# US$ 5,500 Off a Hasselblad



## expatinasia (May 1, 2015)

I always found this a weird concept and it would seem I am not alone.

SAR is reporting that the NEX-7 modified Hasselblad Lunar E-mount camera just got a massive $5,500 discount at B&H.

http://www.sonyalpharumors.com/this-is-the-biggest-price-drop-on-e-mount-ever-5500-off-on-the-hasselblad-lunar/


----------



## Dylan777 (May 2, 2015)

So much DR just by looking at it ;D


----------



## dolina (May 2, 2015)

The Sony NEX-7 is a digital camera announced Aug 24, 2011

It is replaced by the ILCE-6000 (α6000).

The Sony A6000 is a digital camera announced February 12, 2014.


----------



## expatinasia (May 2, 2015)

dolina said:


> The Sony NEX-7 is a digital camera announced Aug 24, 2011
> 
> It is replaced by the ILCE-6000 (α6000).
> 
> The Sony A6000 is a digital camera announced February 12, 2014.



And your point is?


----------



## dolina (May 2, 2015)

expatinasia said:


> And your point is?


Interpret it as you will. I am just providing a context to this sale.

$1,500 is a lot of money for a phased out Sony.


----------



## expatinasia (May 2, 2015)

dolina said:


> expatinasia said:
> 
> 
> > And your point is?
> ...



Wasn't really looking for context. The thread is more about the business concept of Hasselblad taking Sony cameras and repackaging them before adding on a few thousand dollars to the sale price. US$5,500 off such a camera speaks volumes about that in my eyes.


----------



## tolusina (May 3, 2015)

expatinasia said:


> .... the business concept of Hasselblad taking Sony cameras and repackaging them.....


Looks as though Hassy was attempting to sell this thing as a fashion accessory to the excessively well heeled, Hassy has now discovered how fickle is fashion.


----------



## dolina (May 3, 2015)

My comment is for those who may consider buying this Hassy.

It would had made more sense for them to sell a $5,000 point & shoot with a Sony medium format image sensor.

I'd seriously consider buying one of it one was made.


----------



## expatinasia (May 3, 2015)

tolusina said:


> Looks as though Hassy was attempting to sell this thing as a fashion accessory to the excessively well heeled, Hassy has now discovered how fickle is fashion.



Definitely.

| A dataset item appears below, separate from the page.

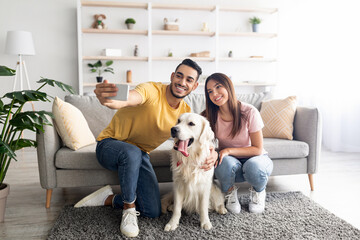 Positive young diverse couple taking selfie with their dog while sitting on floor at home, full length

It is a business model I have never understood, and while I realise some may prefer what they have done with the shell, to keep the insides exactly the same but charge double or triple the price just makes no sense.

I doubt that there are many here on CR that would buy such an expensive copy of what is not really an Hasselblad, but a Sony.


----------



## dolina (May 3, 2015)

Hassy is trying to find new markets like how Leica entered the medium format segment.


----------



## sanj (May 4, 2015)

I will not suger quote this: They are taking us for idiots.


----------